SUPPLIED MATERIAL ->
+ + + + +

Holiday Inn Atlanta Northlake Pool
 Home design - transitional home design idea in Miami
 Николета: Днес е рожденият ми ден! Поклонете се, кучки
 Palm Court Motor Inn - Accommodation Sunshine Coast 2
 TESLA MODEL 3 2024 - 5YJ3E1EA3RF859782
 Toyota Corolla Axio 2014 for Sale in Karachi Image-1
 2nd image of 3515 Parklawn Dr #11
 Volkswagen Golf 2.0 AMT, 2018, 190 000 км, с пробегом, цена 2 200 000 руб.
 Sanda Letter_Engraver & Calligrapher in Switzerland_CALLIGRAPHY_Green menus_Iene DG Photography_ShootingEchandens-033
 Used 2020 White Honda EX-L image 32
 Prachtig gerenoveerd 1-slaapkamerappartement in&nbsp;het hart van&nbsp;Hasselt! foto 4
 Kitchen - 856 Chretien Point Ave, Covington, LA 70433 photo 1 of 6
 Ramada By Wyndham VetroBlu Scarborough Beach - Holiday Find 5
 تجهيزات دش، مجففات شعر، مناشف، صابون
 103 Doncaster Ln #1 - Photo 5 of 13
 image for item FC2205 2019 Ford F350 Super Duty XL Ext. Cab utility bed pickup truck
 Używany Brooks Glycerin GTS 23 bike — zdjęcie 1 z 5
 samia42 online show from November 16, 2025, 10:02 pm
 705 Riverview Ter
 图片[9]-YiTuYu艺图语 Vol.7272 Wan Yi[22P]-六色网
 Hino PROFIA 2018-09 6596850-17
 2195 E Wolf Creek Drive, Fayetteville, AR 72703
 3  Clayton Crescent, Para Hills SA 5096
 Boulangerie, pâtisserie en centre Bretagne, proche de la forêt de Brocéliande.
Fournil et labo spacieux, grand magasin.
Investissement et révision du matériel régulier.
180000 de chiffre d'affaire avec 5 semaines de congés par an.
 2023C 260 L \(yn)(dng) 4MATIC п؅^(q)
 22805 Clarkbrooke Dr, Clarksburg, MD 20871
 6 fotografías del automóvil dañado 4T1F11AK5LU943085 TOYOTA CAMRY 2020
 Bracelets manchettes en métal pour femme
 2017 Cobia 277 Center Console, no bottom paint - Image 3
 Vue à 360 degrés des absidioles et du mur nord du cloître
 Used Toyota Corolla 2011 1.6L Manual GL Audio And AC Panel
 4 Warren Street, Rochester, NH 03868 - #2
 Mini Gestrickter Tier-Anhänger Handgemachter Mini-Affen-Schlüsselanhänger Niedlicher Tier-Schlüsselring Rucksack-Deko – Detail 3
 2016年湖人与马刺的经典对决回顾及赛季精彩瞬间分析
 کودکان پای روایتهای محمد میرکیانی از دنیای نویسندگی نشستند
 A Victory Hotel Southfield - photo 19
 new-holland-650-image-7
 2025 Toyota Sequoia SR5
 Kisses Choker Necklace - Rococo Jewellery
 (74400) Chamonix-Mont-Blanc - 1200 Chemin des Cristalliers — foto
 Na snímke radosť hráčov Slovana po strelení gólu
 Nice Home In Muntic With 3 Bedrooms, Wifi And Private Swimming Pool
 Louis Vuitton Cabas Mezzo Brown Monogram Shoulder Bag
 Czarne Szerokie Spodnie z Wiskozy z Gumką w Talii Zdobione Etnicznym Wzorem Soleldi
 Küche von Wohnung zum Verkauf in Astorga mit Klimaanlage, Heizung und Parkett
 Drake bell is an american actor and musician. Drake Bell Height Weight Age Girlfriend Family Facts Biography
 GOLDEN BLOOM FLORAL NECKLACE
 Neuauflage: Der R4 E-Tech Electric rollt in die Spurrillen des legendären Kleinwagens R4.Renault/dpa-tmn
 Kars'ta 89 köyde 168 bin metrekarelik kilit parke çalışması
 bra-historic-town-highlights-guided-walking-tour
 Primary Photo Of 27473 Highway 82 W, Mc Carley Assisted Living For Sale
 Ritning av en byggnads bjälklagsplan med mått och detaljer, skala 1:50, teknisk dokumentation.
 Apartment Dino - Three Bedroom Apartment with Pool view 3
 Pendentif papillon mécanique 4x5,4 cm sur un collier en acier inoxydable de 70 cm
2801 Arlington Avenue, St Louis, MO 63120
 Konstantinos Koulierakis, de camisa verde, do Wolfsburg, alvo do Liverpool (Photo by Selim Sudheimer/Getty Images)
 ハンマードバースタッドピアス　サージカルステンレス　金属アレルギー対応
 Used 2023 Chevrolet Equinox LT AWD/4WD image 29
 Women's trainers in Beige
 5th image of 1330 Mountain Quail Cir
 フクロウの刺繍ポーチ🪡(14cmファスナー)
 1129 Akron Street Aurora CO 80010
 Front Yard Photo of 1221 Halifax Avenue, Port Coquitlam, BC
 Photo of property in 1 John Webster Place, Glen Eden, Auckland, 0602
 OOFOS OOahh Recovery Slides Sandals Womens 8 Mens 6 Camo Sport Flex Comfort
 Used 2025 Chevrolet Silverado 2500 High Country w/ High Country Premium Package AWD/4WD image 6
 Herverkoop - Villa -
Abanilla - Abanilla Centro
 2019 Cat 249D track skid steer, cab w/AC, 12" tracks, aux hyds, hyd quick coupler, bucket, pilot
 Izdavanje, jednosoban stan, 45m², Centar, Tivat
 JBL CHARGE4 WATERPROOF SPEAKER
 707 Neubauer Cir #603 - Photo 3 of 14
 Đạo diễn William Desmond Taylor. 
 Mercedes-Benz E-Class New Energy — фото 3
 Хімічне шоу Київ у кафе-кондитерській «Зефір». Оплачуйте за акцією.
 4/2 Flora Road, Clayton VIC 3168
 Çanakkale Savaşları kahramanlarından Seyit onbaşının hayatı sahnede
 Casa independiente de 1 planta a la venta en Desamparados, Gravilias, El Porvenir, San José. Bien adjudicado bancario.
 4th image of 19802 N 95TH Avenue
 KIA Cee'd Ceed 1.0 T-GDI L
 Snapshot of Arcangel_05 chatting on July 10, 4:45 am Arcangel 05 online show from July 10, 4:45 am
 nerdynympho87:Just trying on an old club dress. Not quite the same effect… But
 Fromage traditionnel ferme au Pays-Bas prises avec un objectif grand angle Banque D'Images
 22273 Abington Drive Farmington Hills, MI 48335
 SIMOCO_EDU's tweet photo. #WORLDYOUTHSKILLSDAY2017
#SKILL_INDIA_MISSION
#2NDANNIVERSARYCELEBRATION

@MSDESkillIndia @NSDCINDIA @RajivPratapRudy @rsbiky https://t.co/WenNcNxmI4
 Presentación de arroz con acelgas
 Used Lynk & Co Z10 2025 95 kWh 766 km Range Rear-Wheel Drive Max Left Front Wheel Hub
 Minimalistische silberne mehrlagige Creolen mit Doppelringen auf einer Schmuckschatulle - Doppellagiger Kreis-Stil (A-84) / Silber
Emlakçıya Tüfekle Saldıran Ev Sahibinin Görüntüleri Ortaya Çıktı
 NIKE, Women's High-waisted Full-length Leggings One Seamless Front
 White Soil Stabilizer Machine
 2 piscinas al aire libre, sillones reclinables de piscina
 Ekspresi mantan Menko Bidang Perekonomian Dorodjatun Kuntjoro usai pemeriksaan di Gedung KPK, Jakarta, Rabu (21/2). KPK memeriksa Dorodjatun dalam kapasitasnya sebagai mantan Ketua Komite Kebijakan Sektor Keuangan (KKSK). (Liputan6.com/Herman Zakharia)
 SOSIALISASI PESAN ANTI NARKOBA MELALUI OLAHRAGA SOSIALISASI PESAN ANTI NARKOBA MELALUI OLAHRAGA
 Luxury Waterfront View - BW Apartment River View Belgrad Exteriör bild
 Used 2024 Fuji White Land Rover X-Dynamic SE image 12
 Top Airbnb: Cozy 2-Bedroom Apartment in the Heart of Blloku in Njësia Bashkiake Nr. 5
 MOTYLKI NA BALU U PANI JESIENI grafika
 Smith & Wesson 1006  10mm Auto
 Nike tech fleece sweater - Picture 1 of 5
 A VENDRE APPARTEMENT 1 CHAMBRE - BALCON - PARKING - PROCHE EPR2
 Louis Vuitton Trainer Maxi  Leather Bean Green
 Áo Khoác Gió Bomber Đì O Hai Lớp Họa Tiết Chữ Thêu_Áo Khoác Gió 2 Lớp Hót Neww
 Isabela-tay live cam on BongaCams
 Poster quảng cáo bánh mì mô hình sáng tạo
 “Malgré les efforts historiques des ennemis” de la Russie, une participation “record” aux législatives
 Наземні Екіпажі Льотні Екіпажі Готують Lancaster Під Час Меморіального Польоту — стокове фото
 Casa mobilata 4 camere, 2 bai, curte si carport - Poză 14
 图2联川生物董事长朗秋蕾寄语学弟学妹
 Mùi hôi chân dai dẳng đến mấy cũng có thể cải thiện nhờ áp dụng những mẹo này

+ + + + +

WORK REQUEST ->
Output must consist only of the listing's lines from the first through the line with "Kisses Choker Necklace - Rococo Jewellery", reproduced word for word.

COMPLETED EXERCISE ->
Holiday Inn Atlanta Northlake Pool
 Home design - transitional home design idea in Miami
 Николета: Днес е рожденият ми ден! Поклонете се, кучки
 Palm Court Motor Inn - Accommodation Sunshine Coast 2
 TESLA MODEL 3 2024 - 5YJ3E1EA3RF859782
 Toyota Corolla Axio 2014 for Sale in Karachi Image-1
 2nd image of 3515 Parklawn Dr #11
 Volkswagen Golf 2.0 AMT, 2018, 190 000 км, с пробегом, цена 2 200 000 руб.
 Sanda Letter_Engraver & Calligrapher in Switzerland_CALLIGRAPHY_Green menus_Iene DG Photography_ShootingEchandens-033
 Used 2020 White Honda EX-L image 32
 Prachtig gerenoveerd 1-slaapkamerappartement in&nbsp;het hart van&nbsp;Hasselt! foto 4
 Kitchen - 856 Chretien Point Ave, Covington, LA 70433 photo 1 of 6
 Ramada By Wyndham VetroBlu Scarborough Beach - Holiday Find 5
 تجهيزات دش، مجففات شعر، مناشف، صابون
 103 Doncaster Ln #1 - Photo 5 of 13
 image for item FC2205 2019 Ford F350 Super Duty XL Ext. Cab utility bed pickup truck
 Używany Brooks Glycerin GTS 23 bike — zdjęcie 1 z 5
 samia42 online show from November 16, 2025, 10:02 pm
 705 Riverview Ter
 图片[9]-YiTuYu艺图语 Vol.7272 Wan Yi[22P]-六色网
 Hino PROFIA 2018-09 6596850-17
 2195 E Wolf Creek Drive, Fayetteville, AR 72703
 3  Clayton Crescent, Para Hills SA 5096
 Boulangerie, pâtisserie en centre Bretagne, proche de la forêt de Brocéliande.
Fournil et labo spacieux, grand magasin.
Investissement et révision du matériel régulier.
180000 de chiffre d'affaire avec 5 semaines de congés par an.
 2023C 260 L \(yn)(dng) 4MATIC п؅^(q)
 22805 Clarkbrooke Dr, Clarksburg, MD 20871
 6 fotografías del automóvil dañado 4T1F11AK5LU943085 TOYOTA CAMRY 2020
 Bracelets manchettes en métal pour femme
 2017 Cobia 277 Center Console, no bottom paint - Image 3
 Vue à 360 degrés des absidioles et du mur nord du cloître
 Used Toyota Corolla 2011 1.6L Manual GL Audio And AC Panel
 4 Warren Street, Rochester, NH 03868 - #2
 Mini Gestrickter Tier-Anhänger Handgemachter Mini-Affen-Schlüsselanhänger Niedlicher Tier-Schlüsselring Rucksack-Deko – Detail 3
 2016年湖人与马刺的经典对决回顾及赛季精彩瞬间分析
 کودکان پای روایتهای محمد میرکیانی از دنیای نویسندگی نشستند
 A Victory Hotel Southfield - photo 19
 new-holland-650-image-7
 2025 Toyota Sequoia SR5
 Kisses Choker Necklace - Rococo Jewellery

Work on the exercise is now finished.